# question from a noob



## xsjado (Dec 9, 2008)

there is a house that i want to squat about a mile from the place that i am currently living in that no one (to my knowledge) has lives in for at least a year, when/if i moved in would the only way to have me removed be to have the legal owners evict me? this would only be a temporary squat for me tho because me and a couple of my friends have planned to head either north or west in January, which is quoted by Brandon (miracalesunrise) this story of our first trainhopping attempt [ame="http://squattheplanet.com/showthread.php?t=5500"]So last night... - Squat the Planet Forums[/ame] any who ive tried to find NC squatting laws and rights via aolsearch but everything that comes up seems pretty vague and unclear to me. all help is greatly appreciated. 

thanx.

Jonathan


----------



## IBRRHOBO (Dec 10, 2008)

Other than Asheville NC squatting is pretty clear cut, worse case scenario u get a get out of town criminal tresspass ticket. Type the address into the county assessors database (free) and find out if it's foreclosed. If it is, the bank owns it. So, it'd be quite awhile till u get rn off.

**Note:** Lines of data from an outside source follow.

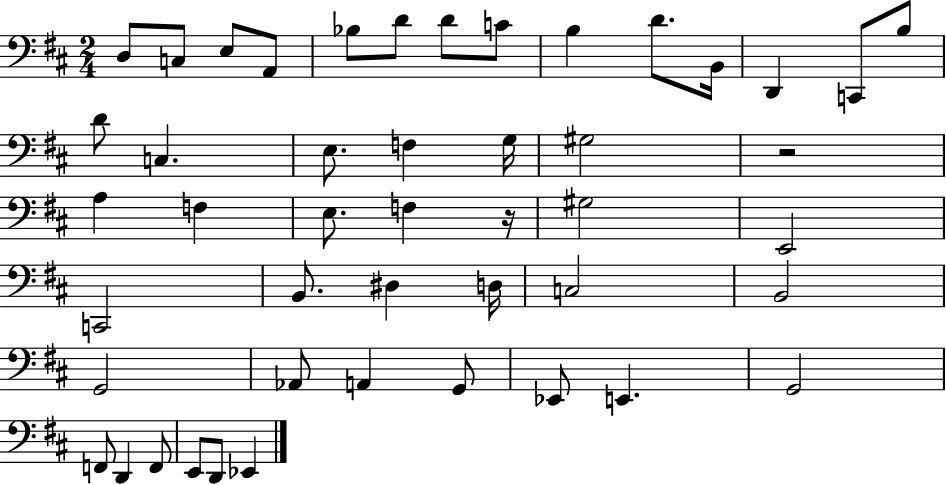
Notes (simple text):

D3/e C3/e E3/e A2/e Bb3/e D4/e D4/e C4/e B3/q D4/e. B2/s D2/q C2/e B3/e D4/e C3/q. E3/e. F3/q G3/s G#3/h R/h A3/q F3/q E3/e. F3/q R/s G#3/h E2/h C2/h B2/e. D#3/q D3/s C3/h B2/h G2/h Ab2/e A2/q G2/e Eb2/e E2/q. G2/h F2/e D2/q F2/e E2/e D2/e Eb2/q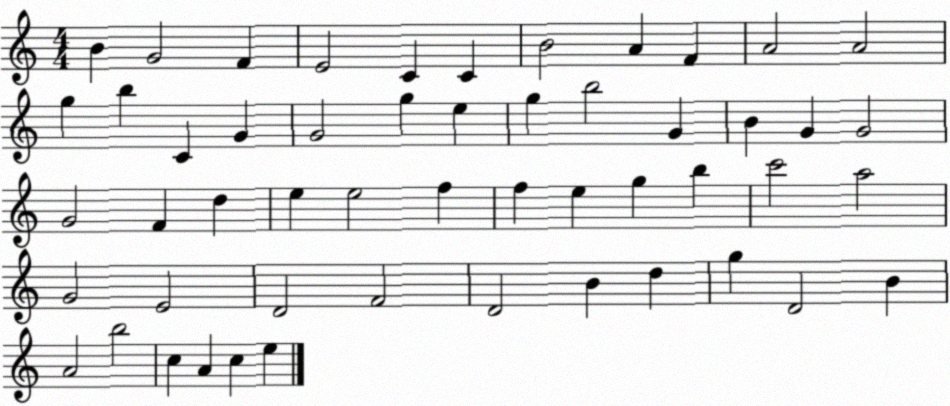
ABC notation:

X:1
T:Untitled
M:4/4
L:1/4
K:C
B G2 F E2 C C B2 A F A2 A2 g b C G G2 g e g b2 G B G G2 G2 F d e e2 f f e g b c'2 a2 G2 E2 D2 F2 D2 B d g D2 B A2 b2 c A c e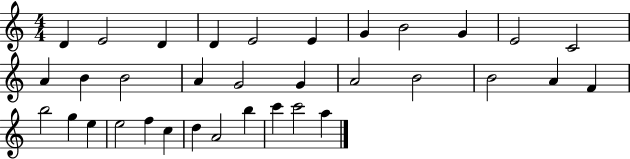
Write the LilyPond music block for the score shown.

{
  \clef treble
  \numericTimeSignature
  \time 4/4
  \key c \major
  d'4 e'2 d'4 | d'4 e'2 e'4 | g'4 b'2 g'4 | e'2 c'2 | \break a'4 b'4 b'2 | a'4 g'2 g'4 | a'2 b'2 | b'2 a'4 f'4 | \break b''2 g''4 e''4 | e''2 f''4 c''4 | d''4 a'2 b''4 | c'''4 c'''2 a''4 | \break \bar "|."
}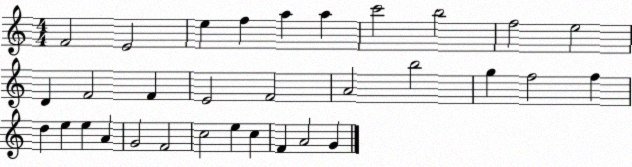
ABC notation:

X:1
T:Untitled
M:4/4
L:1/4
K:C
F2 E2 e f a a c'2 b2 f2 e2 D F2 F E2 F2 A2 b2 g f2 f d e e A G2 F2 c2 e c F A2 G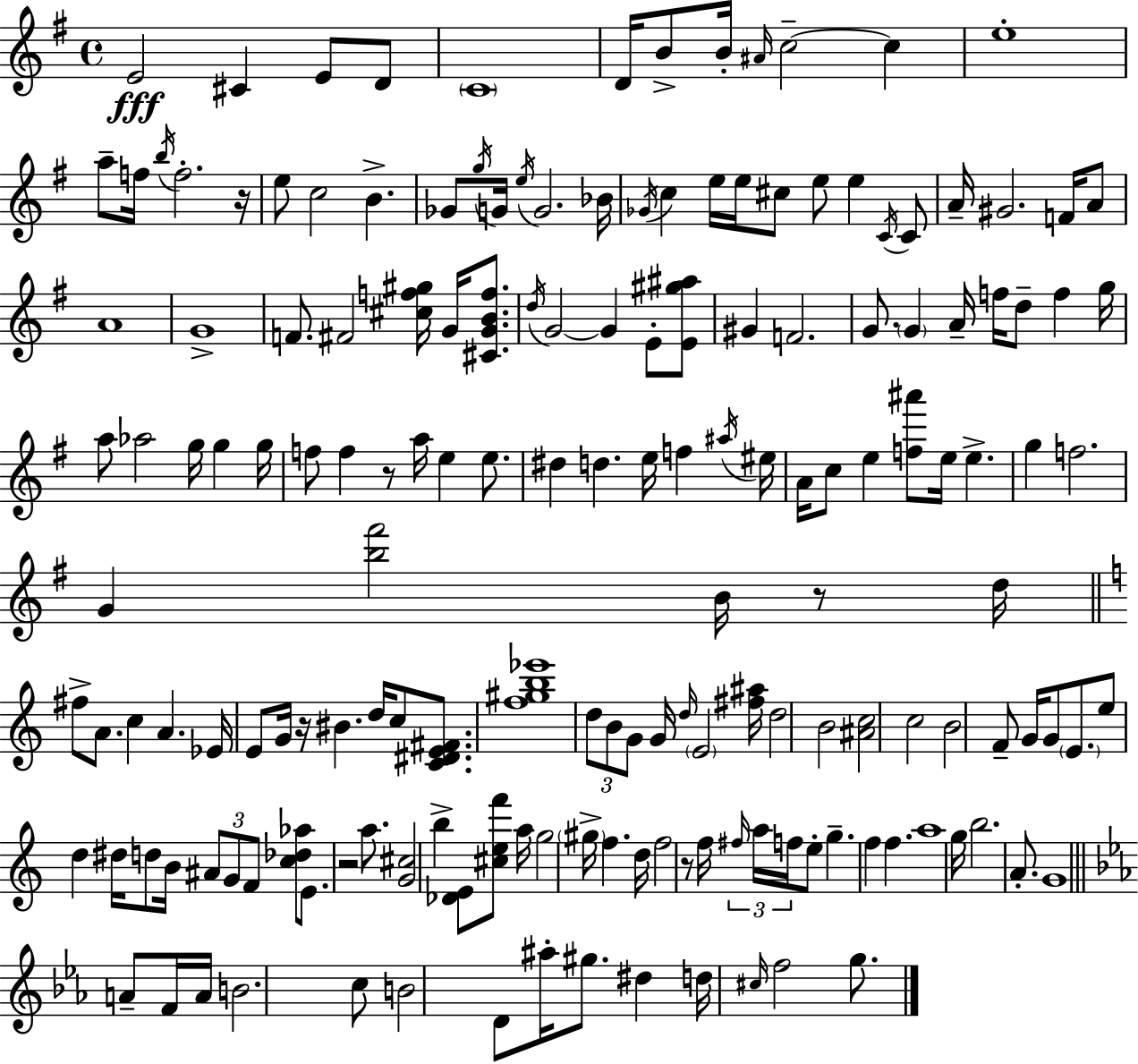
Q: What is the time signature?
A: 4/4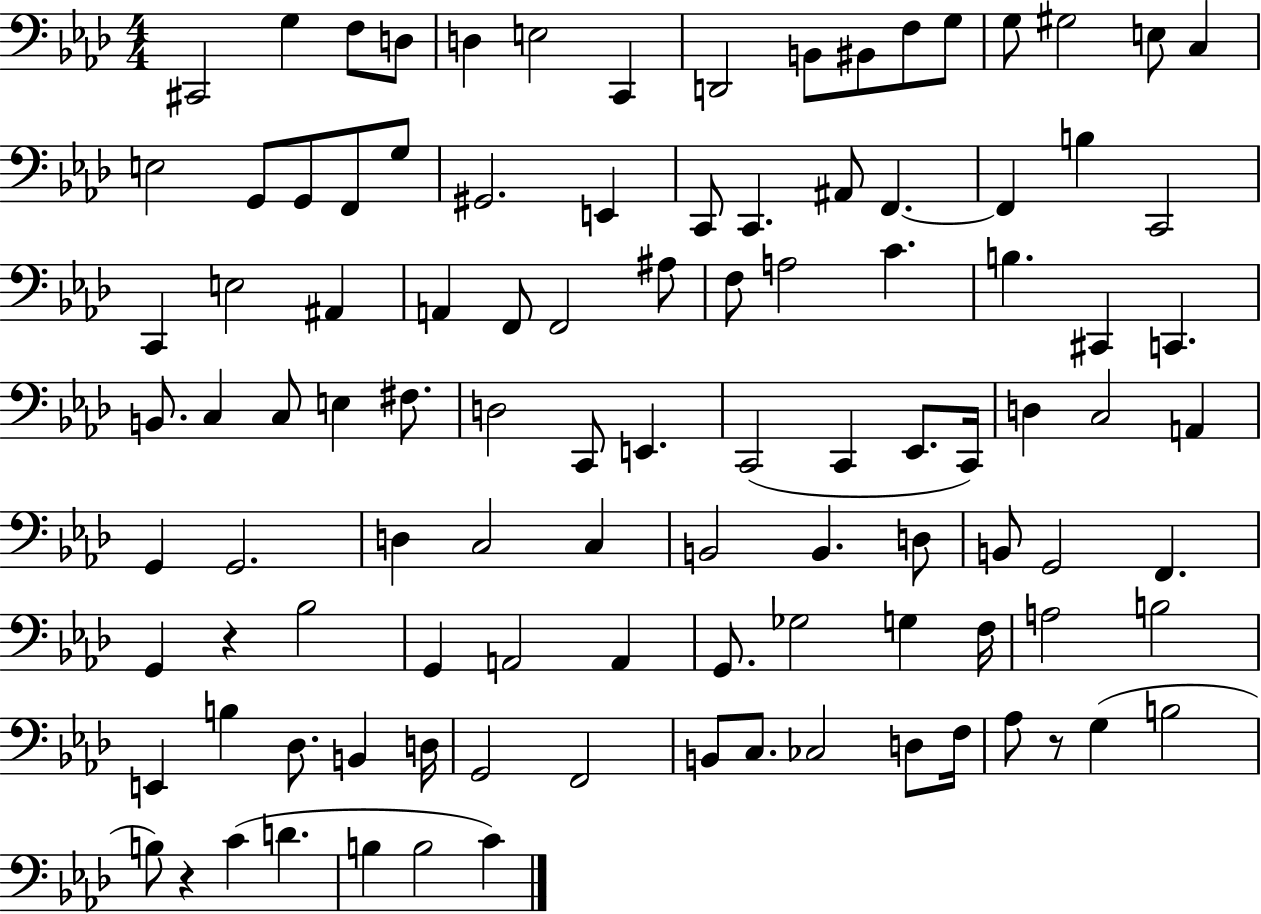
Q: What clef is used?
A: bass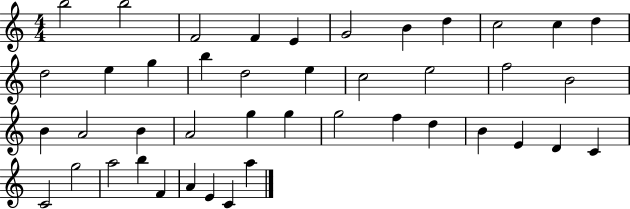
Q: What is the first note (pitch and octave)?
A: B5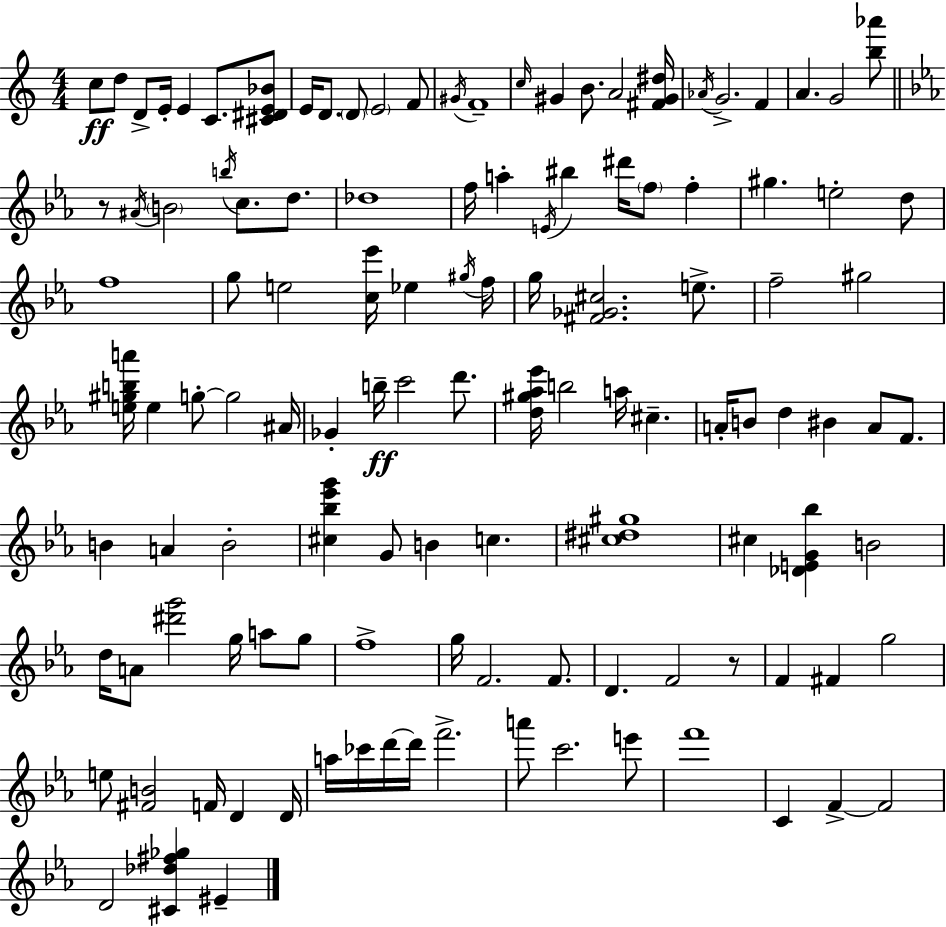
{
  \clef treble
  \numericTimeSignature
  \time 4/4
  \key c \major
  \repeat volta 2 { c''8\ff d''8 d'8-> e'16-. e'4 c'8. <cis' dis' e' bes'>8 | e'16 d'8. \parenthesize d'8 \parenthesize e'2 f'8 | \acciaccatura { gis'16 } f'1-- | \grace { c''16 } gis'4 b'8. a'2 | \break <fis' gis' dis''>16 \acciaccatura { aes'16 } g'2.-> f'4 | a'4. g'2 | <b'' aes'''>8 \bar "||" \break \key ees \major r8 \acciaccatura { ais'16 } \parenthesize b'2 \acciaccatura { b''16 } c''8. d''8. | des''1 | f''16 a''4-. \acciaccatura { e'16 } bis''4 dis'''16 \parenthesize f''8 f''4-. | gis''4. e''2-. | \break d''8 f''1 | g''8 e''2 <c'' ees'''>16 ees''4 | \acciaccatura { gis''16 } f''16 g''16 <fis' ges' cis''>2. | e''8.-> f''2-- gis''2 | \break <e'' gis'' b'' a'''>16 e''4 g''8-.~~ g''2 | ais'16 ges'4-. b''16--\ff c'''2 | d'''8. <d'' gis'' aes'' ees'''>16 b''2 a''16 cis''4.-- | a'16-. b'8 d''4 bis'4 a'8 | \break f'8. b'4 a'4 b'2-. | <cis'' bes'' ees''' g'''>4 g'8 b'4 c''4. | <cis'' dis'' gis''>1 | cis''4 <des' e' g' bes''>4 b'2 | \break d''16 a'8 <dis''' g'''>2 g''16 | a''8 g''8 f''1-> | g''16 f'2. | f'8. d'4. f'2 | \break r8 f'4 fis'4 g''2 | e''8 <fis' b'>2 f'16 d'4 | d'16 a''16 ces'''16 d'''16~~ d'''16 f'''2.-> | a'''8 c'''2. | \break e'''8 f'''1 | c'4 f'4->~~ f'2 | d'2 <cis' des'' fis'' ges''>4 | eis'4-- } \bar "|."
}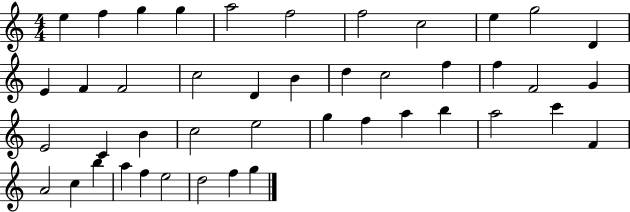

I do foreclosures up here so i'm pretty hip to it. Asheville is HARDCORE! Do not pass go, do not collect $200! Good hunting!


----------



## xsjado (Dec 10, 2008)

k word. tomorrow ill do the assessors database lookup on the address (im guessing at city hall?), if everything is legit im gonna see about making a bump key and trying to sneak in thru the back door sometime tomorrow night. thanx for the help bro!


----------



## Grasshopper (Dec 10, 2008)

Jon you are such a badass! haa 
What property are you speaking of in RM?
is it in northgreen or twat?


----------



## xsjado (Dec 10, 2008)

yeah pretty much. its off of gold rock road, like pass the turn for tylers house and its the 4th or 5th house on the right.


----------



## IBRRHOBO (Dec 11, 2008)

if it turns out to be a foreclosed house, the power is on. i do a bunch of the shit out here. the alarm's off too; drunks like me can't remember the code's to cut em off. also, we 'winterize' the joints in the winter. this means that the water heater has been drained! DON'T cut the power to the water heater on UNTIL u fill it back with water!!!!! It'll blow up! and u won't see anyone until spring mowing starts again. also, if u type the name of the town and 'GIS' it'll pull the assessor's data and mapping info. Good Huntin!


----------



## menu (Dec 16, 2008)

you might be able to find out what you can do through the old laws of squatters rights yeah? maybe google that shit. Im not 100% sure but I think you can take it over after a bit if no one comes to claim it. so you should be good to squat for a bit


----------



## SoupandMoney (Dec 22, 2008)

IBRRHOBO said:


> Other than Asheville NC squatting is pretty clear cut


So what's the deal with Asheville, then?


----------